Work item
Please take the records that follow and repeat exactly the lines starting with the line with "Geladeira Electrolux, Aberto a negociação" and going on through the line with "Goblin Charbelcher magic card front".

[[ Input material, beginning ]]

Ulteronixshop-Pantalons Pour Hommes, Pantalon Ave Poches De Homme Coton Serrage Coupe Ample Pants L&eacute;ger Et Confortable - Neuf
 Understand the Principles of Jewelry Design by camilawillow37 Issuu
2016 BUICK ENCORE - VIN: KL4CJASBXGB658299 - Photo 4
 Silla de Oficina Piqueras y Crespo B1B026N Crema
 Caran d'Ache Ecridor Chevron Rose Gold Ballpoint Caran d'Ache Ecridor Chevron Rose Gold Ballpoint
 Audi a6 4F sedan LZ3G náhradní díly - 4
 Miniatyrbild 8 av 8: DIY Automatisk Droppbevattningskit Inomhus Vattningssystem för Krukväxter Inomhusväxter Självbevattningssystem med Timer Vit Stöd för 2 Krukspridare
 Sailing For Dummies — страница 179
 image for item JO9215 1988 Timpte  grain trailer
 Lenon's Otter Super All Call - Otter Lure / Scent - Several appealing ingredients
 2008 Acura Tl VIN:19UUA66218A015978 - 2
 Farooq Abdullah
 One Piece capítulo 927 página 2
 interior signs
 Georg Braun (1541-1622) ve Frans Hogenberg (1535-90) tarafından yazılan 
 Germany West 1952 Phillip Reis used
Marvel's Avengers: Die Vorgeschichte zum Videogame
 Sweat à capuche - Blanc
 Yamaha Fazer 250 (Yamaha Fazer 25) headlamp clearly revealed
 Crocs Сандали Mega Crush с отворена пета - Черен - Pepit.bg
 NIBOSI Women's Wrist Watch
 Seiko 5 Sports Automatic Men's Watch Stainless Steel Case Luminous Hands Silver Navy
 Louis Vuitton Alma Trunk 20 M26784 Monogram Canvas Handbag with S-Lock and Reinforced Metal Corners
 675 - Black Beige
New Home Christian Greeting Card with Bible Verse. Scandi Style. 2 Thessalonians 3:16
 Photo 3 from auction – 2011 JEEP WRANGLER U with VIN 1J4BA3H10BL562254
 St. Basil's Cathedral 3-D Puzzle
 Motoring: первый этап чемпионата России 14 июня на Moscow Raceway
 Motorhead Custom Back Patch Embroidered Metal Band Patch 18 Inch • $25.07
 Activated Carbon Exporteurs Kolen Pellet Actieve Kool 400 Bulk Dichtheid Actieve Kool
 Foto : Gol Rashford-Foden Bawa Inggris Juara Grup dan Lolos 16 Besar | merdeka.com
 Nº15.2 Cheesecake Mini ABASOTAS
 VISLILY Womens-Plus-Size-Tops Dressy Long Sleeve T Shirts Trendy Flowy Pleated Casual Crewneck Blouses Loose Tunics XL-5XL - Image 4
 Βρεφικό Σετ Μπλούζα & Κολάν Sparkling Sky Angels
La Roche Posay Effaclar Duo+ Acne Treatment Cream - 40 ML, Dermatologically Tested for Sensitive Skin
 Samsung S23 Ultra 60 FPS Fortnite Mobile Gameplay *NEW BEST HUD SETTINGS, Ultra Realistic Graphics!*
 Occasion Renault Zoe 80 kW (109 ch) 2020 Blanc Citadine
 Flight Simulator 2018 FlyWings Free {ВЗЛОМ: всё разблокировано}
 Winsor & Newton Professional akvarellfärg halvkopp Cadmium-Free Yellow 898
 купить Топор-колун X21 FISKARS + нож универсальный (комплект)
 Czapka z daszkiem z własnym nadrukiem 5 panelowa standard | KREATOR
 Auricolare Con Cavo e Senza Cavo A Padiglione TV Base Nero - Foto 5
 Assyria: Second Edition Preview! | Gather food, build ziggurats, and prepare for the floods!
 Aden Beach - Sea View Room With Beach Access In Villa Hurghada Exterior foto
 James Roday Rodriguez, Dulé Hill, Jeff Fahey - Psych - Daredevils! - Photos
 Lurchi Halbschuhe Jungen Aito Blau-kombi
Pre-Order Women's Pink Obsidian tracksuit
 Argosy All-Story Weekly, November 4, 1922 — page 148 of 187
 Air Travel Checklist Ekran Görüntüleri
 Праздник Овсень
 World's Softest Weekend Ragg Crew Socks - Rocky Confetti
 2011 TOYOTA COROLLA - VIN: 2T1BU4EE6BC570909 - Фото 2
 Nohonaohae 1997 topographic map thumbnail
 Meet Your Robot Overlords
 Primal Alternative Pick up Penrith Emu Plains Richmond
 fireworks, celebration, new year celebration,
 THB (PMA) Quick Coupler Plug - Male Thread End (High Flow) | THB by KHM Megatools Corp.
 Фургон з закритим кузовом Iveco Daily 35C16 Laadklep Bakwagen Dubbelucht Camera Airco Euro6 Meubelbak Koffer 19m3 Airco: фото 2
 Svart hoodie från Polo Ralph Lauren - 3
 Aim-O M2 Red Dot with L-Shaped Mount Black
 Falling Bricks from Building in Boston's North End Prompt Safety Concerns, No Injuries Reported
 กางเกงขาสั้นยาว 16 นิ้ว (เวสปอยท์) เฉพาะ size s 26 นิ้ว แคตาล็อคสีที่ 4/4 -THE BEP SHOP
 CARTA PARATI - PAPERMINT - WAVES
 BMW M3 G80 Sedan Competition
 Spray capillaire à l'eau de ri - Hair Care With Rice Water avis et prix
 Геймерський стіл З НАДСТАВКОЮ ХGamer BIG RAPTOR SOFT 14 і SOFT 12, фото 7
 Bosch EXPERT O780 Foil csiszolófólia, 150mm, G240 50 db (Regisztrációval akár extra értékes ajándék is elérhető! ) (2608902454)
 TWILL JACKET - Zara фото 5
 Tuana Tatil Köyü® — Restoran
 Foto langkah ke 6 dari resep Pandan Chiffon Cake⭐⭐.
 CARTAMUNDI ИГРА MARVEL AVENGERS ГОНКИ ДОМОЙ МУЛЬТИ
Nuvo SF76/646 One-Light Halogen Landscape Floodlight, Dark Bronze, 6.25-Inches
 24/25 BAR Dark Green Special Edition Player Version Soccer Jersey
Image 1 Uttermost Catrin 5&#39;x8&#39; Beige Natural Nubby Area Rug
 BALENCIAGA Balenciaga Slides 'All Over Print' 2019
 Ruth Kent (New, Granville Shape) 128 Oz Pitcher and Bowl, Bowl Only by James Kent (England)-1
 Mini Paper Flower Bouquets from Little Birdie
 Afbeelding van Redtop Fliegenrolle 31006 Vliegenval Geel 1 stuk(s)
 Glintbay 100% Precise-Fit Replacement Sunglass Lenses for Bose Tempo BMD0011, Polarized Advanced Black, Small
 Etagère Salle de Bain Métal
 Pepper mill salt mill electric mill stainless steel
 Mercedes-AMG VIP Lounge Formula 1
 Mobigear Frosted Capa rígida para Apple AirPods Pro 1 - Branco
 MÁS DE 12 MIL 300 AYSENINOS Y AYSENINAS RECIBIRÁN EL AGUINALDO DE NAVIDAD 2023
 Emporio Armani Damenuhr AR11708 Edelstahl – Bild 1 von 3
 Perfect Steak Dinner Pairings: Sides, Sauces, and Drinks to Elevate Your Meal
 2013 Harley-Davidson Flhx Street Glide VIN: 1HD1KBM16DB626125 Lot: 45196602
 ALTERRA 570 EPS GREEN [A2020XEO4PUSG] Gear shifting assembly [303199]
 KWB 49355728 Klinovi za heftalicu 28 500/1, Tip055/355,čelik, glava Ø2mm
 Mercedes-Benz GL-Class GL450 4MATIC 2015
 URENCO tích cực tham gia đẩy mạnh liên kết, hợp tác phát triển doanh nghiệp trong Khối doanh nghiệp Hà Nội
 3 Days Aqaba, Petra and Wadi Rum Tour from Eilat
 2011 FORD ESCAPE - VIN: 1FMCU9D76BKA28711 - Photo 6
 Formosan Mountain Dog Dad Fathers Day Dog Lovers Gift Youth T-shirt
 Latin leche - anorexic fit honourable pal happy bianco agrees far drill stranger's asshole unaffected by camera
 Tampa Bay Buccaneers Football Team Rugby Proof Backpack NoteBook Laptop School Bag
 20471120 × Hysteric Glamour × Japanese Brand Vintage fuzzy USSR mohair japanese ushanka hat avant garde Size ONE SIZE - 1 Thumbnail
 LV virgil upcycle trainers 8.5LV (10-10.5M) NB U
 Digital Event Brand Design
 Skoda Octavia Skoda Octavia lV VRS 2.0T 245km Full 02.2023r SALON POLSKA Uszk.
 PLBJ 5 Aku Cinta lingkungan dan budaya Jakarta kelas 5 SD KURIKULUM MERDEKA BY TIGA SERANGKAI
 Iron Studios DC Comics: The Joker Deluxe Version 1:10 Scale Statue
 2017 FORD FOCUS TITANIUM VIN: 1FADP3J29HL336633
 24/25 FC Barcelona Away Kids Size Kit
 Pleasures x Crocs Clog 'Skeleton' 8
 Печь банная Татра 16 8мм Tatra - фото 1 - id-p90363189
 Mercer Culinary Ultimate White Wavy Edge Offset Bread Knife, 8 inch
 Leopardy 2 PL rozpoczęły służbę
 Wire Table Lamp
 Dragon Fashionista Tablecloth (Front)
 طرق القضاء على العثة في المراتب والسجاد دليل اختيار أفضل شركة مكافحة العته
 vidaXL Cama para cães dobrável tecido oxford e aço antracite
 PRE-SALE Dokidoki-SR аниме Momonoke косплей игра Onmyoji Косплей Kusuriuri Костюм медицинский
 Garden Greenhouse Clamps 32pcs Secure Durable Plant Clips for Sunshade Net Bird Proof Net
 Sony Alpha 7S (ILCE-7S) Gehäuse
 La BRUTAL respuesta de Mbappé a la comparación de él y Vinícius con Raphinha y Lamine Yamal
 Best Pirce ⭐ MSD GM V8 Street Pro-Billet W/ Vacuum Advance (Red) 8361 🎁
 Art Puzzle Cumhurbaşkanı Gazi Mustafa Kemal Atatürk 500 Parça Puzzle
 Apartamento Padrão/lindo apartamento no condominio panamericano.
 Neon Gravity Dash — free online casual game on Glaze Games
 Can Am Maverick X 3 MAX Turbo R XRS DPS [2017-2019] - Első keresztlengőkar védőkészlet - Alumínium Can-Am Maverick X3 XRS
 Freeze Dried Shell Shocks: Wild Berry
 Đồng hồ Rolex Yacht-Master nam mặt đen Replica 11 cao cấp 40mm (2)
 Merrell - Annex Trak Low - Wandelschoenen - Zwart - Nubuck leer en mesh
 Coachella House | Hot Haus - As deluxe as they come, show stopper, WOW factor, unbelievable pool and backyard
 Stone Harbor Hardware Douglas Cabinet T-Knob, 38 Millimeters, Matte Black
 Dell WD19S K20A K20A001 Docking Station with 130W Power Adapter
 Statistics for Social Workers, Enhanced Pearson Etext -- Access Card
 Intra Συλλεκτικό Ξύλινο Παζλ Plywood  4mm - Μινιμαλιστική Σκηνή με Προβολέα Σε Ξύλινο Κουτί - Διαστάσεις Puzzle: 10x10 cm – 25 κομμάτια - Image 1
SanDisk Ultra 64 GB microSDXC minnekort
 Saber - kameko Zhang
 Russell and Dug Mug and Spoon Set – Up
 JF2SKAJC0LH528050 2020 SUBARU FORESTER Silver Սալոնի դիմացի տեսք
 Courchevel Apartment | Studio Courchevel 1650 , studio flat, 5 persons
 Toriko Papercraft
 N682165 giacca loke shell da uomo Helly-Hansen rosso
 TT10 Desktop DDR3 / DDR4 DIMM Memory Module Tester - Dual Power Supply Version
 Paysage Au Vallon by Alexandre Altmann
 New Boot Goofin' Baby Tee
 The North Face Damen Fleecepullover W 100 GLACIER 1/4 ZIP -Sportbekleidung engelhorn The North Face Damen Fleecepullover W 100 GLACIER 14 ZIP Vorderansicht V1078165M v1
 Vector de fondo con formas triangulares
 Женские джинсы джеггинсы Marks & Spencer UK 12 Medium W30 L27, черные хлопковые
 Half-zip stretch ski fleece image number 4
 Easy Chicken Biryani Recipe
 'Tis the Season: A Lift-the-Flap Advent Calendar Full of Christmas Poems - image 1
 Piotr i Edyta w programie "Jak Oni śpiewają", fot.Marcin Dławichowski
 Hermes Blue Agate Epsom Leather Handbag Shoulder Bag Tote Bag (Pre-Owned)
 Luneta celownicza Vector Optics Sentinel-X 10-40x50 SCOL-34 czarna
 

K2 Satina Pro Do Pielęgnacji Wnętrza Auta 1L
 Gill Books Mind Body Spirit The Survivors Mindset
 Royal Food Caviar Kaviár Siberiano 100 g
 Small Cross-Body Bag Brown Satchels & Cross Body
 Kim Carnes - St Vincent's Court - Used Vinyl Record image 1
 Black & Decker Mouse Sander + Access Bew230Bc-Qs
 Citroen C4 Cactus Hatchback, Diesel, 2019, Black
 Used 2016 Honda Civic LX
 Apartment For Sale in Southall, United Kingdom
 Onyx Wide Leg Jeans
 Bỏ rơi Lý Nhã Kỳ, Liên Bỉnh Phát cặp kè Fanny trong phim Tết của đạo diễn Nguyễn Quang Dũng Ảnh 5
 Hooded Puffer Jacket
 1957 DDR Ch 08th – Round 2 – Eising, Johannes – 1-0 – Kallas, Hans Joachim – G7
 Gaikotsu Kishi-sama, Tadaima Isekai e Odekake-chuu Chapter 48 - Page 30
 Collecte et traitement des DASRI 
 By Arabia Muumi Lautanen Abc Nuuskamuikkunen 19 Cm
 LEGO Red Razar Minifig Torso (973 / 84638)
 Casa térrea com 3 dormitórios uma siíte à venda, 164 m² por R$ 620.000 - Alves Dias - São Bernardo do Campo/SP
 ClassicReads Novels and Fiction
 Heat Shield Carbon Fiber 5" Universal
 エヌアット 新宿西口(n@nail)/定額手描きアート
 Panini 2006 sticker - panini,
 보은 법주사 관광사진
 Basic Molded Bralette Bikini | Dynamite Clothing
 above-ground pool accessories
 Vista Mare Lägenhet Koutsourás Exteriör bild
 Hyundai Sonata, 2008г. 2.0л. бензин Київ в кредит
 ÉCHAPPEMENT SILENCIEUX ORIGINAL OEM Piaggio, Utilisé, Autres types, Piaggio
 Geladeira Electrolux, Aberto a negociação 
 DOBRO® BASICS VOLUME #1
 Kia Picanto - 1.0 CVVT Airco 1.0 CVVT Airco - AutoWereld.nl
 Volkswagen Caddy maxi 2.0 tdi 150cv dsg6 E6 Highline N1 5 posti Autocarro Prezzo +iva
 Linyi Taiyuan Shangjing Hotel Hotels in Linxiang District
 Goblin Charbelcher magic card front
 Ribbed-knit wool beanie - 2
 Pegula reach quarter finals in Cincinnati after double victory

[[ Input material, end ]]

Result for this exercise
 Geladeira Electrolux, Aberto a negociação 
 DOBRO® BASICS VOLUME #1
 Kia Picanto - 1.0 CVVT Airco 1.0 CVVT Airco - AutoWereld.nl
 Volkswagen Caddy maxi 2.0 tdi 150cv dsg6 E6 Highline N1 5 posti Autocarro Prezzo +iva
 Linyi Taiyuan Shangjing Hotel Hotels in Linxiang District
 Goblin Charbelcher magic card front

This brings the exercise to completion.